▸ **DATA SHOWN**
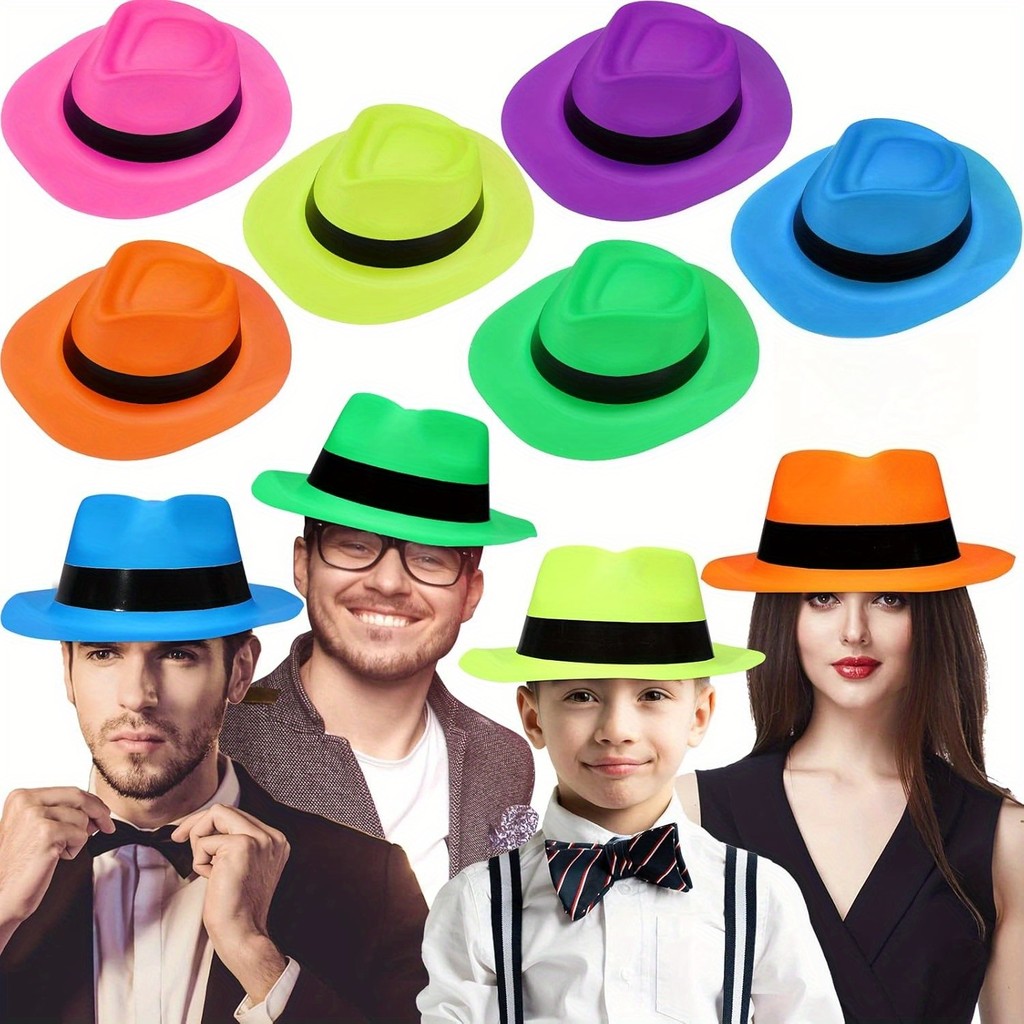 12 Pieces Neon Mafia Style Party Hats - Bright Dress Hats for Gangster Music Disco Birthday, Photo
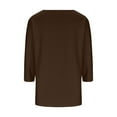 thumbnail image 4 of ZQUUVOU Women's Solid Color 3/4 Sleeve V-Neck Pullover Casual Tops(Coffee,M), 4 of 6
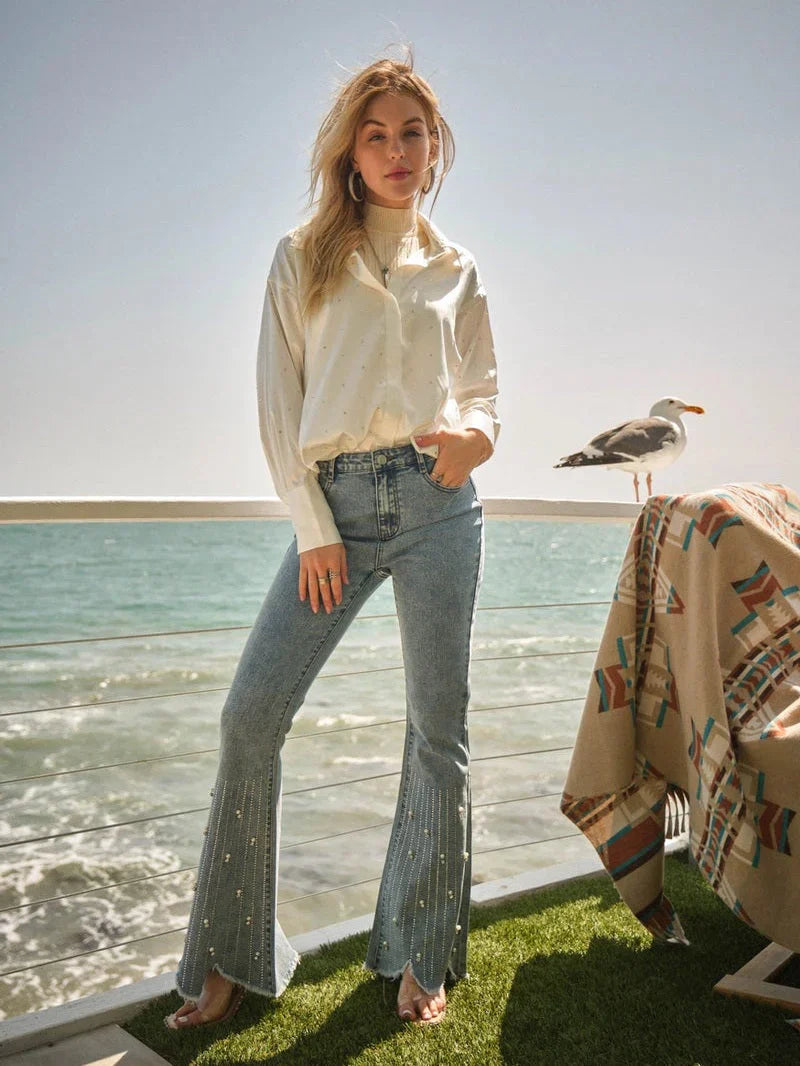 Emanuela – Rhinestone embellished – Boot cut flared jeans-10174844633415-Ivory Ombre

▸ **WORK ITEM**
Your output should be the lines from the one with "thumbnail image 4" through the end of the listing, copied exactly and with the pictures left out.

▸ **WRITTEN SOLUTION**
 thumbnail image 4 of ZQUUVOU Women's Solid Color 3/4 Sleeve V-Neck Pullover Casual Tops(Coffee,M), 4 of 6
 Emanuela – Rhinestone embellished – Boot cut flared jeans-10174844633415-Ivory Ombre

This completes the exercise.